これまでに,モノをつかむ運動を例にとり,運動の制御の仕方を説明してきました(#01).また,ヒトをコンピュータに見立てて,フィードバック制御の話をしました(#04).しかし実際には,ものをつかむ動作も詳細に見ていくと,2つの制御が行われていることがわかります.下の図を見てください.30cm先のモノをつかむ動作を実際にビデオで撮影し横から見たように書いたのが左の図です.縦軸は高さなので,最大で10cぐらいの高さまで手が上がっているのがわかります.そして,右の図がこの運動の速度(赤線)と加速度(青色)を求めてその時間変化を示した図です.だいたいベル(釣り鐘)型の速度を示しています.しかしよく見ると,0.6秒を過ぎたところで,もう一度速度が上昇しているのがわかります.前にも説明した通り,加速度が正の値の部分はアクセルを踏んでいる時です(図中の「加速期」).そして加速度が負の部分はブレーキを踏んでいる時です(図中の「減速期」),それが0.6秒過ぎでもう一度加速度が正の値を示し,わずかですが,再度アクセルを踏んでいるのがわかるでしょう.これ以降の部分が「下位動作」と呼ばれる部分で,モノをつかむための微調整をしているところです.そして,この下位動作までの部分は「初期制御動作」とよばれ,「弾道運動 (ballistic movement)」とも呼ばれます.
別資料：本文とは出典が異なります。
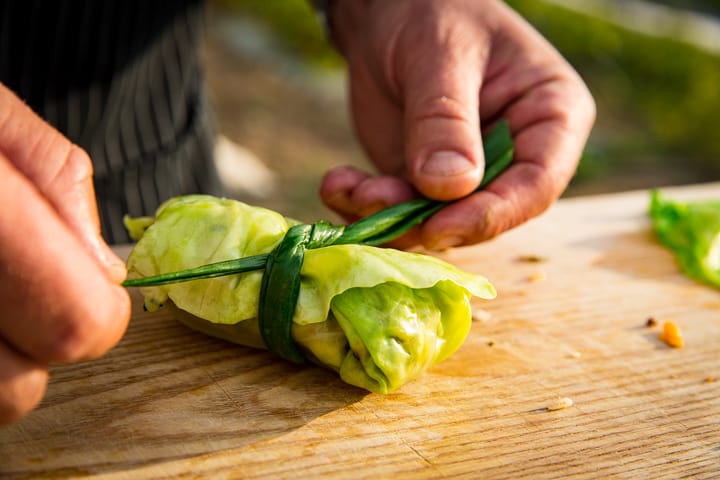 Pulling the green onion knot tight on the Chorizo Stuffed Cabbage parcels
つまり,我々はモノをつかむ運動を行う時に2種類の制御方式を使っているのです.それがフィードフォワード制御(開回路制御)とフィードバック制御(閉回路制御)です.フィードフォワード制御は,下の図のように入力から処理,出力へと一方通行です.最初にこうやろうと決めた通りに運動を行う制御で,プリプログラム制御 (pre-programmed control)といわれます.したがって,回路として開いているので開回路制御,弾道運動とも呼ばれるのです.弾道ミサイルというのは,最初に目標を決めて,プログラムをして,プログラム通りに飛んでいくミサイルです.いったん飛び出すと,もう入力は受け付けず,最初に決められた通り,動くだけです.しかし,このフィードフォワード制御だけでは,正確にモノをつかむことはできません.目標とするモノに近づいたら,微調整が必要になるのです.そこで必要とされるのが,フィードバック制御です.こちらはモノとの距離やモノの形状などの情報を受け付けながら,それに合わせた運動をしていくので,回路が閉じているので閉回路制御と呼ばれるのです.つまり,まずは大まかに動いておいて,最後に帳尻合わせをする感じです.これは,フィードフォワード制御だけでは雑になり過ぎてうまくいかないことがあるし,かといって最初から最後までフィードバック制御をしていたら常に入力を受け付けなければならず,処理に大きな負担がかかってしまいます.上手に手を抜いているということです.
ただし,全てが意識しながらこのフィードバック制御をしているわけではないようです.意識に上らないフィードバック制御もあることが知られています.潜在的視覚ー運動応答と呼ばれるもので,意識しながら(刺激を見てそれに反応する)行う運動よりもあはるかに短い時間(超短潜時)でのフィードバック機構もあるようです.
いずれにせよ,運動が上手くなるということは,このフィードバック制御を使いながら丁寧にやっていた運動を,できるだけフィードフォワード制御で労力をかけずにちゃんと目的を達成できるようになる過程ともいえます.